13. Bruen's Increasingly Troubling Aftermath
Everyone agrees that the Supreme Court upended Second Amendment jurisprudence last June. Just how far the majority's new approach goes is something the Justices will soon need to clarify.
Welcome back to “One First,” a weekly newsletter that aims to make the U.S. Supreme Court more accessible to all of us.
Every Monday morning, I’ll be offering an update on goings-on at the Court; a longer introduction to the Court’s history, current work, or key players; and some Court-related trivia. If you’re enjoying the newsletter, I hope that you’ll consider sharing it (and subscribing if you don’t already):
On the Docket
As expected, it was a very quiet week at the Supreme Court, as the Justices continued their un-official mid-winter recess. The Court issued only two orders—one refusing to stay Texas’s execution of Wesley Ruiz (furthering a trend I covered a few weeks back); and one clarifying the briefing schedule in two consolidated cases the Court will hear later this Term. We don’t expect anything more from the Justices until at least their next regular Conference, set for Friday, February 17 (the next Order List is due at 9:30 ET on Tuesday, February 21). The Court also released the argument calendars for its March 2023 and April 2023 sessions, which don’t have quite the same critical mass of blockbusters as the earlier sessions from this Term.
There were two Court-related news stories that caught my attention: Ariane DeVogue had a fascinating behind-the-scenes piece for CNN on some of the security lapses that were uncovered during the Court’s investigation into the Dobbs leak, but not disclosed as part of its report. And Steve Eder had a piece for the New York Times about ethical questions surrounding the legal recruiting efforts of Jane Roberts (who, among other things, is married to Chief Justice Roberts). I’ll confess that, like my better half, I think that this story is much ado about very little. But it does underscore, once again, the broader lack of concrete and enforceable ethics rules and standards governing the conduct of the Justices and their immediate family members, which has problematic implications in cases that are far more troubling than this one.

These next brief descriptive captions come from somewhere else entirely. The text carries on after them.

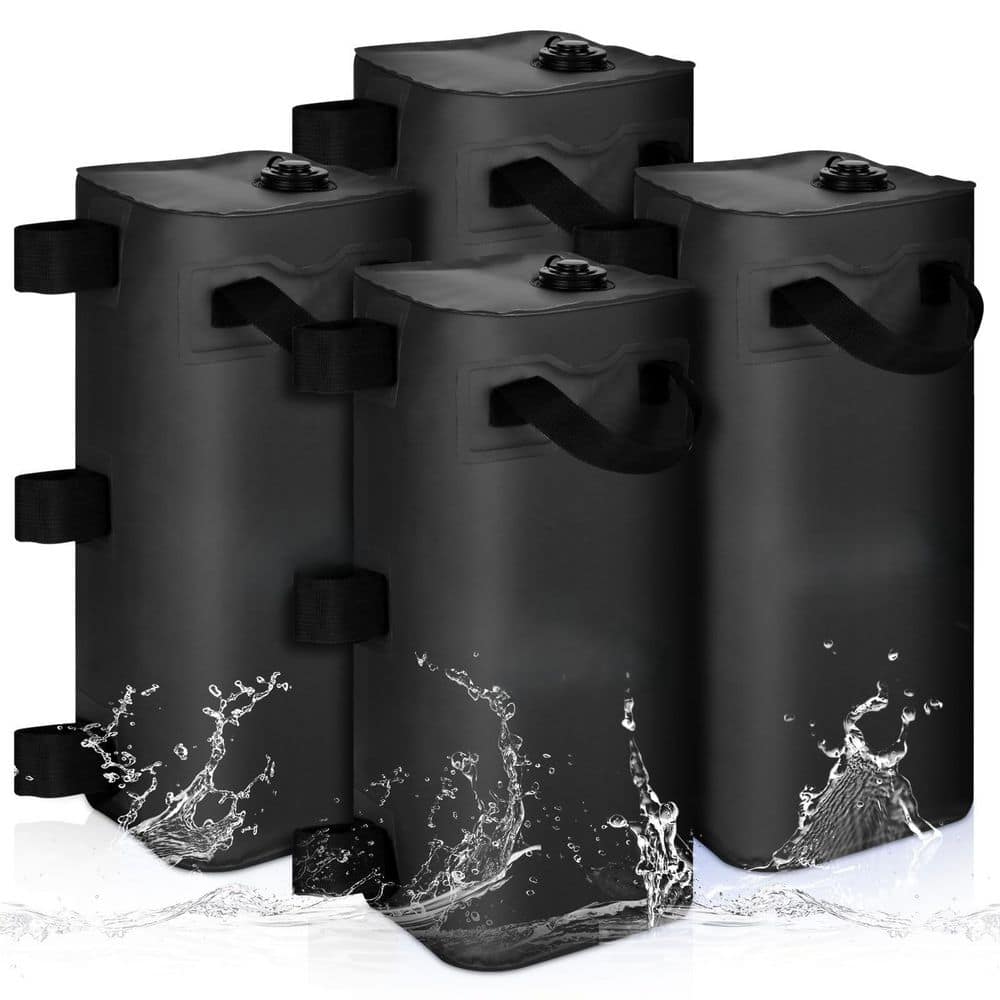 Black Heavy Duty 4-Pack Water Weight Bags, 220LBS Capacity Square Column PVC Tent Weights with Straps for Canopy Gazebo price history on PriceWatchPro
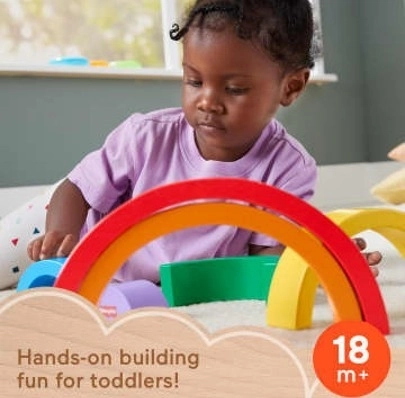 Fisher-Price lesena sestavljanka mavrica za otroke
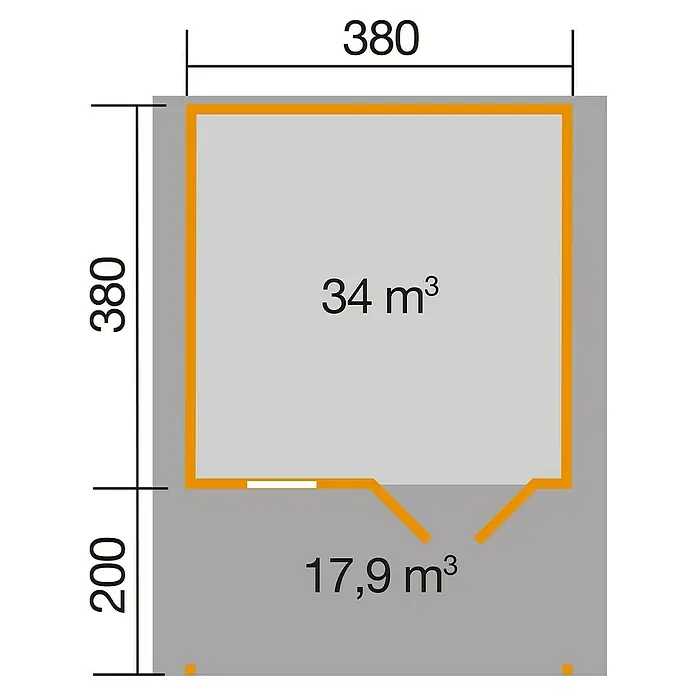 Weka Gartenhaus 111 - Außenmaß inkl. Dachüberstand (B x T): 460 x 594 cm, Holz, Natur, 22,04 m², Mit Vordach - Grundrisszeichnung eines kleinen Hauses mit den Maßen 380x380 cm und einem zusätzlichen Bereich von 200 cm, was zu einem Volumen von 34 m³ bzw. 17,9 m³ führt.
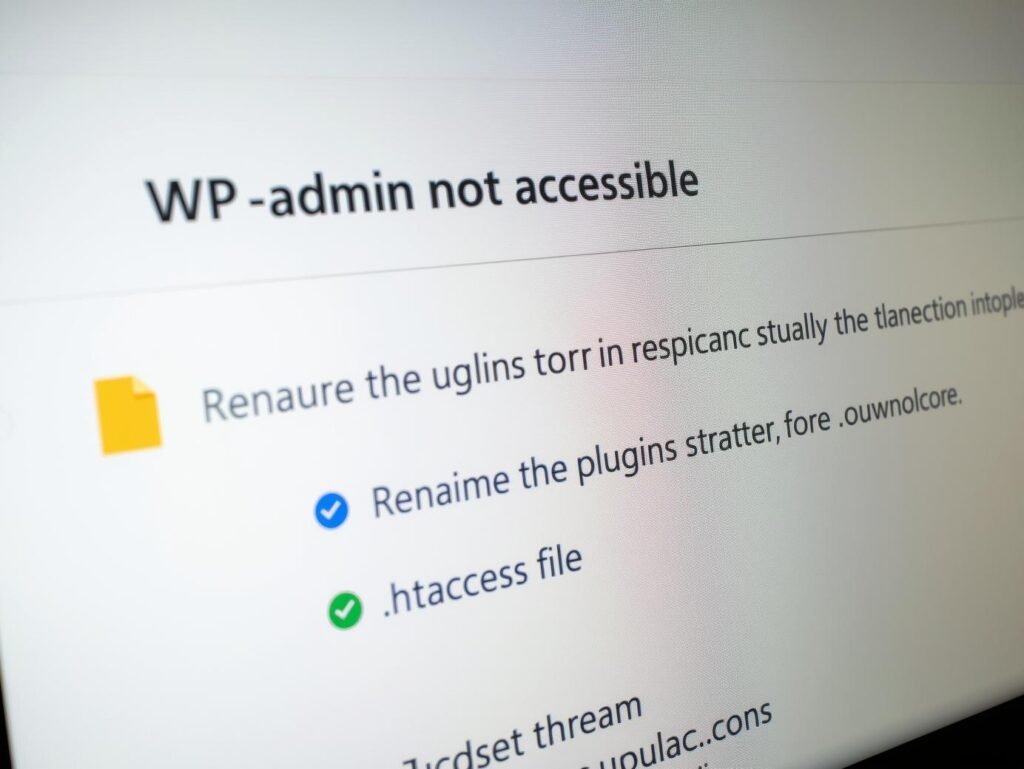 How To Fix wp-admin Not Accessible – Rename Plugins Folder, Check .htaccess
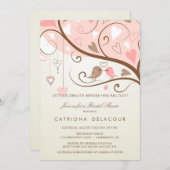 みすぼらしいシックな愛の鳥のブライダルシャワーの招待 招待状 (正面/裏面)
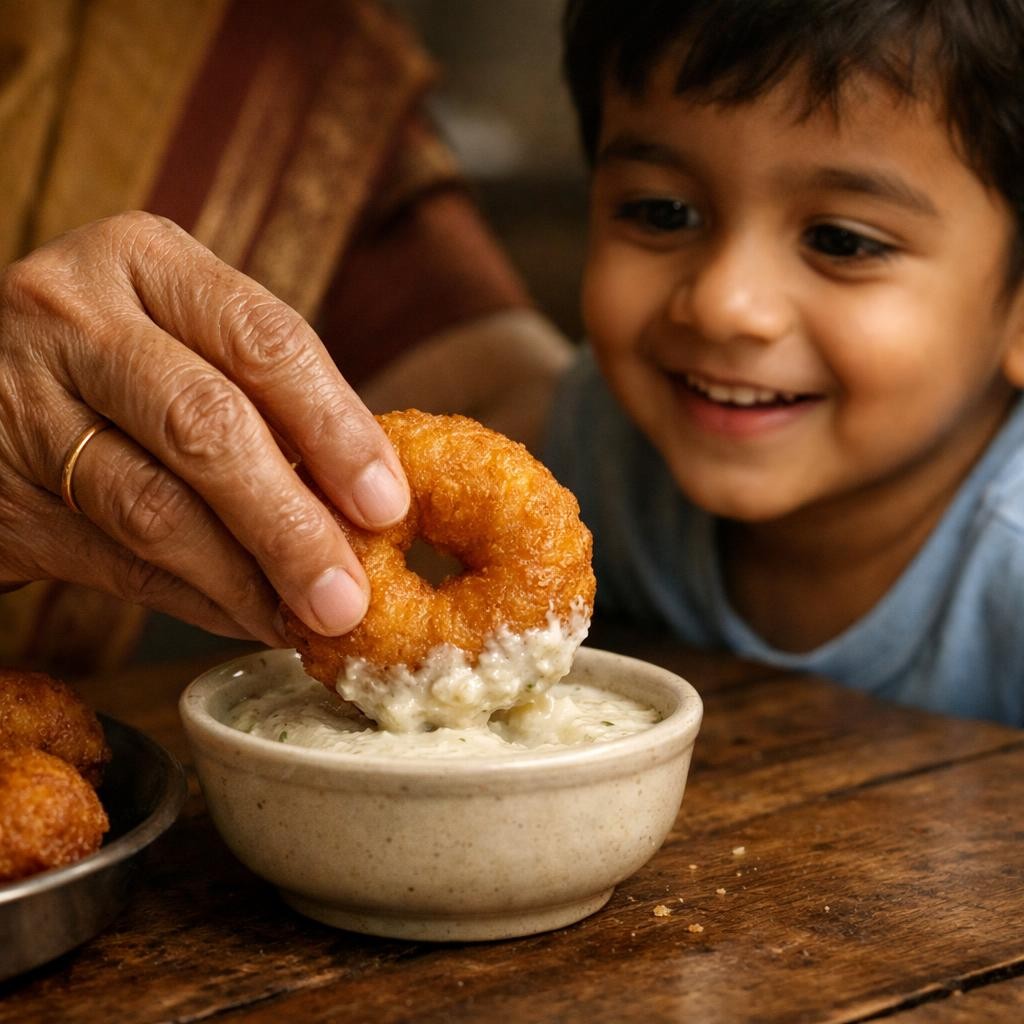 The Chutney Swimming Pool illustration for Grandma and the Bouncy Vada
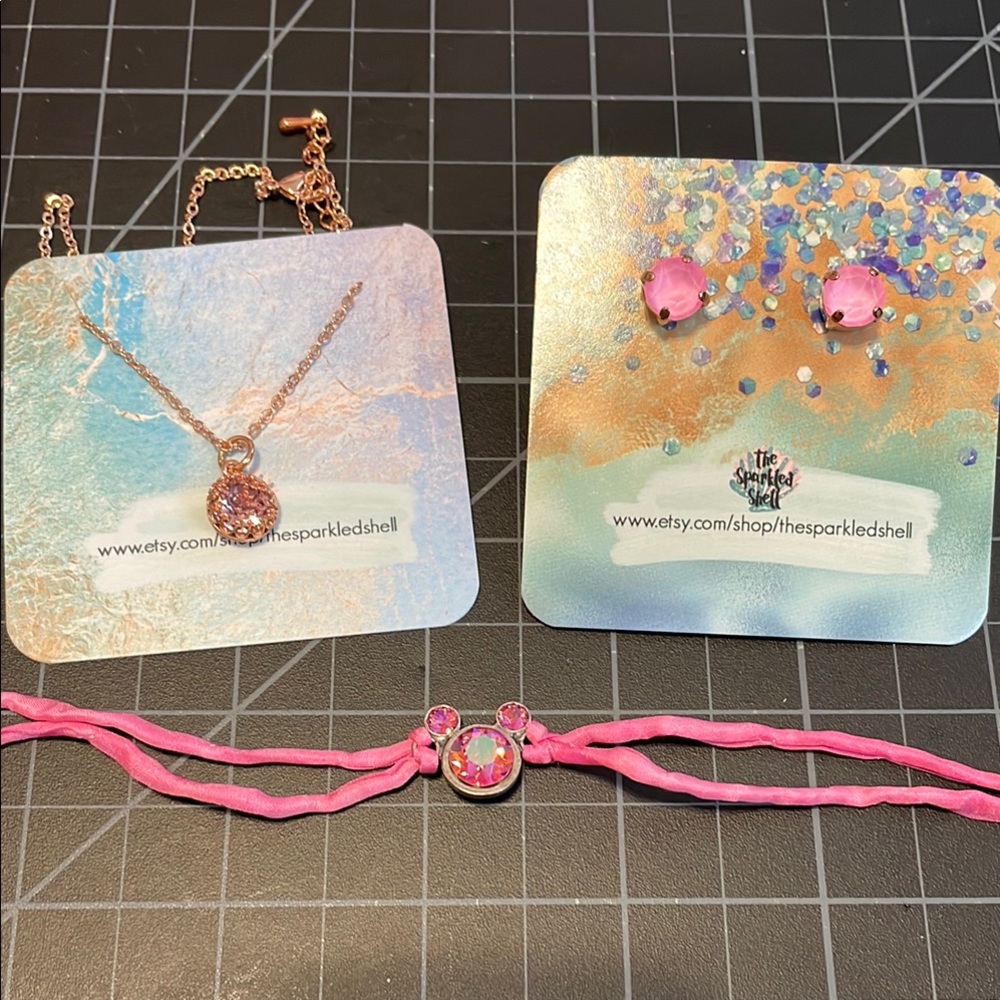 The Sparkled Shell Jewelry Lot Disney Mickey Mouse Bracelet Amethyst Necklace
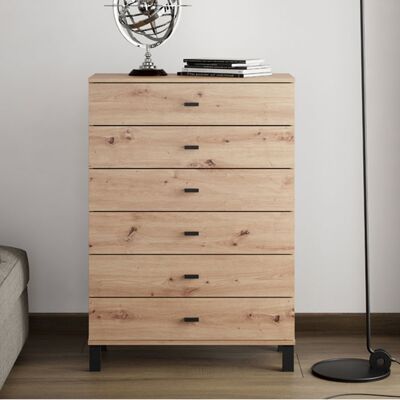 DMORA Credenza Otaval, Madia 6 Cassetti, Un Ripiano, 6 Vani, 77x35x110h Cm Marrone Rovere Nodi DMORA Credenza Otaval, Madia 6 Cassetti, Un Ripiano, 6 Vani, 77x35x110h Cm Marrone Rovere Nodi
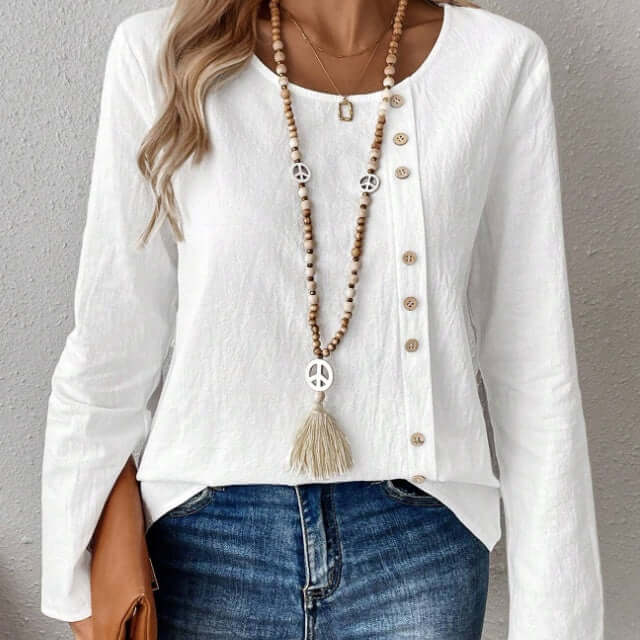YourBrand Women's Solid Color Round Neck Long Sleeve Top – Semi-Sheer Comfort and Style | Phonax Services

I also had an op-ed in yesterday’s Times about the increasing exploitation of “judge shopping” (where litigants, by filing challenges to federal policies in “single-judge divisions,” can effectively hand-pick the specific judge who hears their case and who can block the policy on a nationwide basis). Among other things, this uptick may have something to do with the topic of an earlier issue—how the Court is increasingly deciding important legal questions at much earlier stages of disputes than has historically been the norm.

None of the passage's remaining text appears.